The great spectator sport of political observers of Irish elections in recent years has been the increasingly febrile, not to say reckless, behaviour of Michael McDowell as each election draws near.
During the last general election he took off on a solo run to warn the voters of the dangers of giving a single party, by which he meant Fianna Fail, a majority.
Desperate to be elected after losing his seat in 1997, his one man campaign amounted to a ferocious attack on the government's record and intentions if re-elected in 2002, even though he was that government's attorney general.
He was last seen up a lamp-post in the closing days of the election campaign.
This time he has caused enormous controversy by complicating the local and European elections with a referendum on citizenship which has led to the government being accused of racism and opportunism.
Some senior members of his own party have not concealed their distaste for the government's tactics on the referendum and McDowell's campaign.
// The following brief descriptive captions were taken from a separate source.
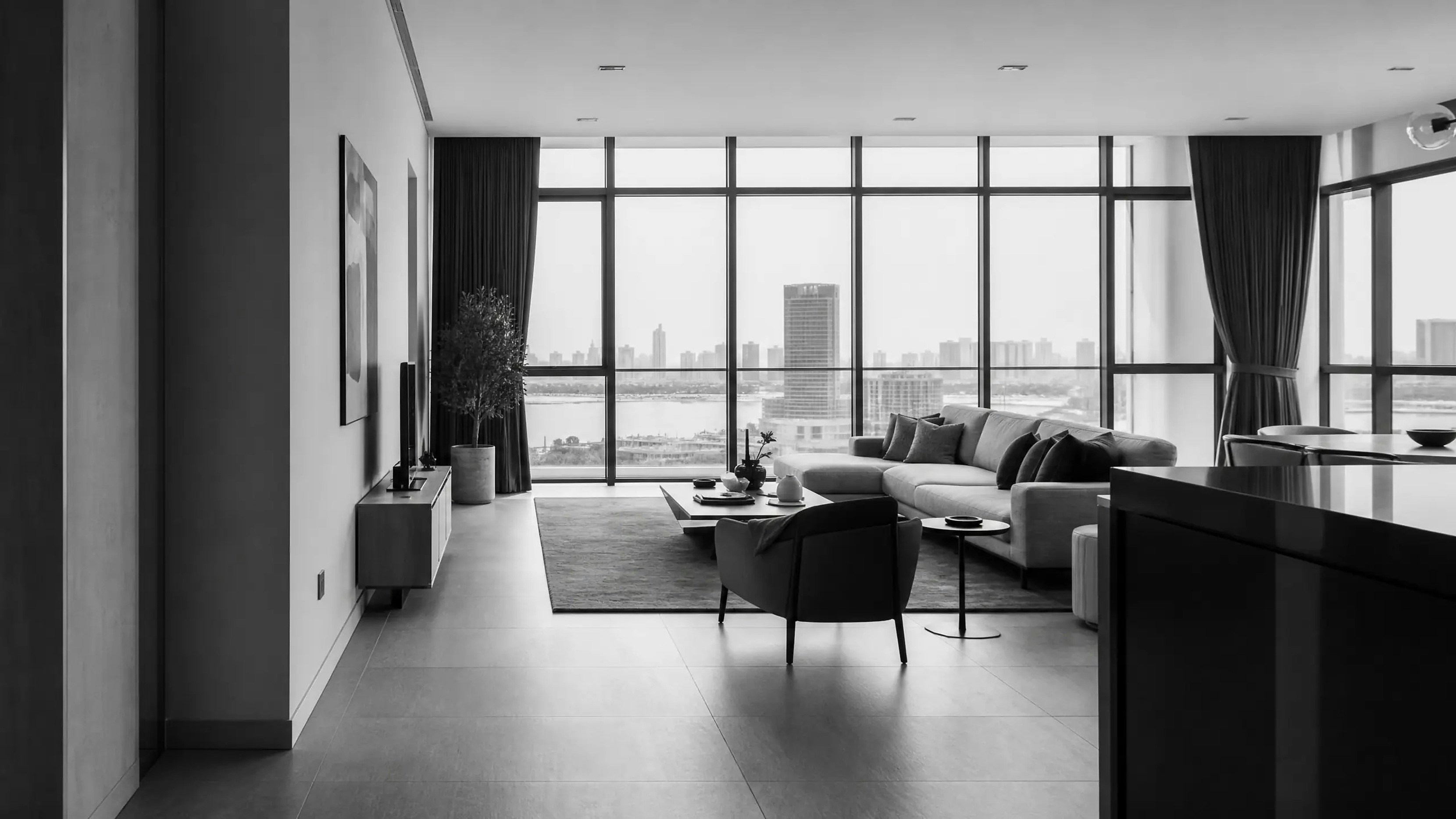 Modern living room with floor-to-ceiling windows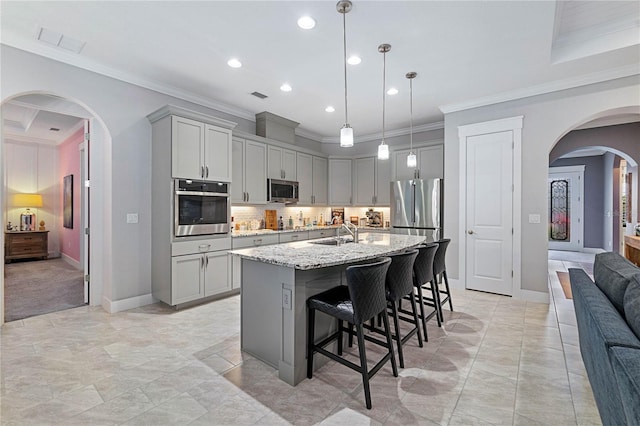 kitchen featuring visible vents, a breakfast bar, gray cabinets, arched walkways, and appliances with stainless steel finishes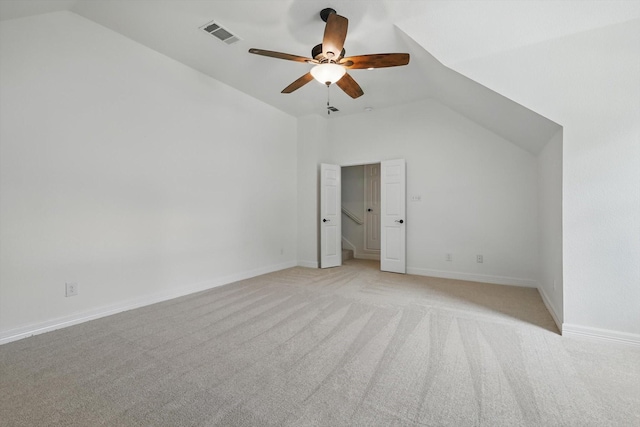 unfurnished bedroom with vaulted ceiling, light colored carpet, baseboards, and ceiling fan
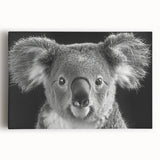 Stretched canvas wall art featuring a detailed koala design set against a vibrant natural backdrop, ideal for wildlife enthusiasts and home decor.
Part of his strategy this time has been highly publicised attacks on Sinn Féin which keep him in the limelight. Some say it was these repeated attacks on them which led SF to leak the deal done last autumn about releasing the killers of Garda McCabe, a leak which nicely hoist McDowell by his own petard. He has spent the last 10 days grovelling to the Garda Representative Association.
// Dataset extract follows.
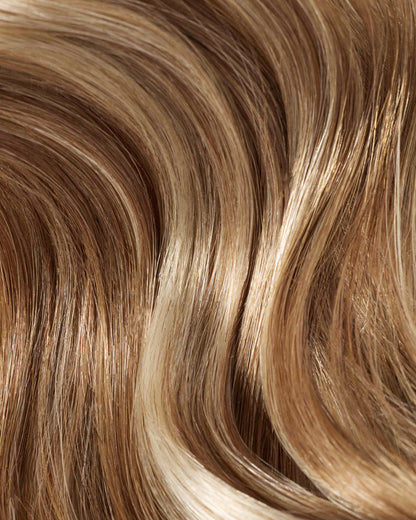 A close-up of hair with sun-kissed blonde and brown highlights, showcasing vibrant hair extensions.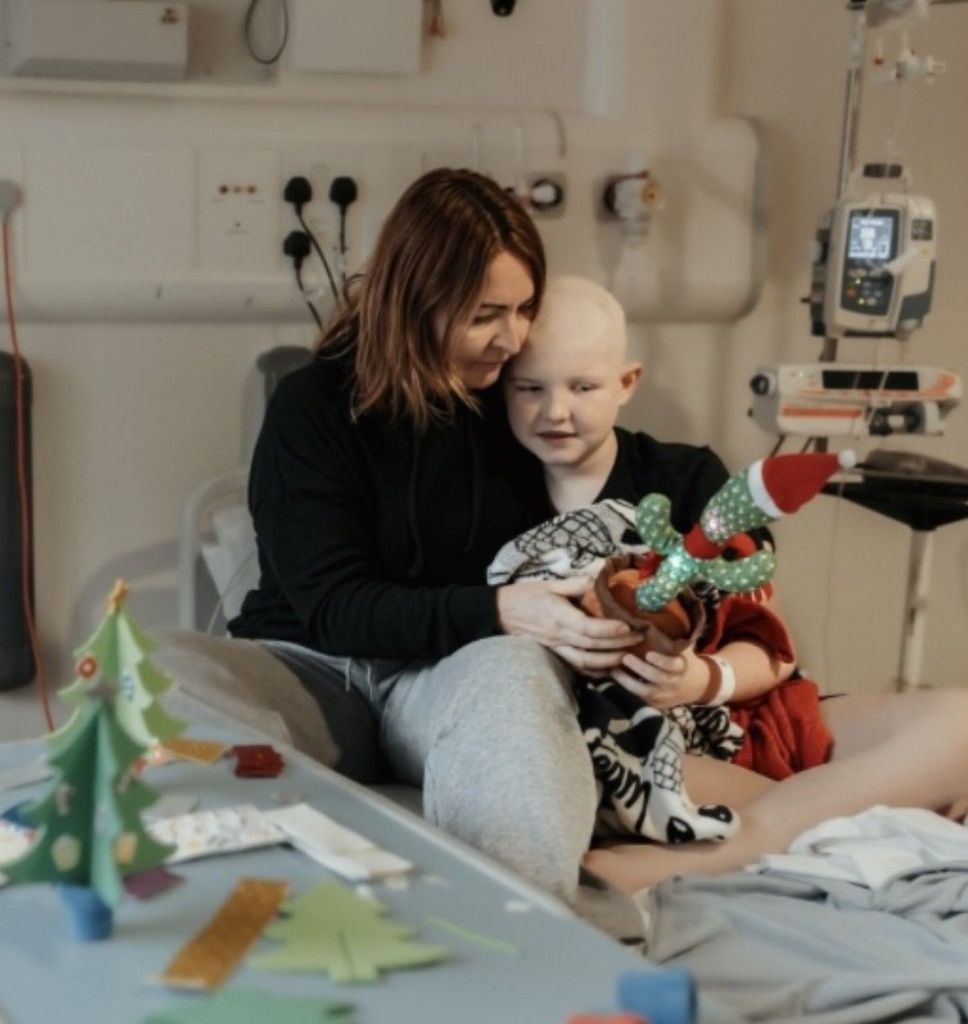 young boy with mum in hospital bed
A side effect of his assault on SF has been its result in the north. McDowell has suddenly discovered Sinn Féin is linked to the IRA and since the June elections in the Republic hove into sight he has used his position as minister of justice to issue a stream of accusations about republican criminality which have been music to DUP ears.
In fact, McDowell's assertions, which are regularly quoted by DUP figures like Peter Robinson, have made it easy for the DUP to refuse to enter talks with SF.
Only last Friday McDowell met Jeffrey Donaldson along with the leader of a victims group and told them the IRA was netting between £10 million and £20 million from racketeering along the border.
Now there's precision for you, figures that could only come from the detailed intelligence available to a minister of justice; figures strangely at variance with those released by any other government or police inquiry in recent years. No matter. It allowed Donaldson a sound bite and McDowell 10 seconds of publicity.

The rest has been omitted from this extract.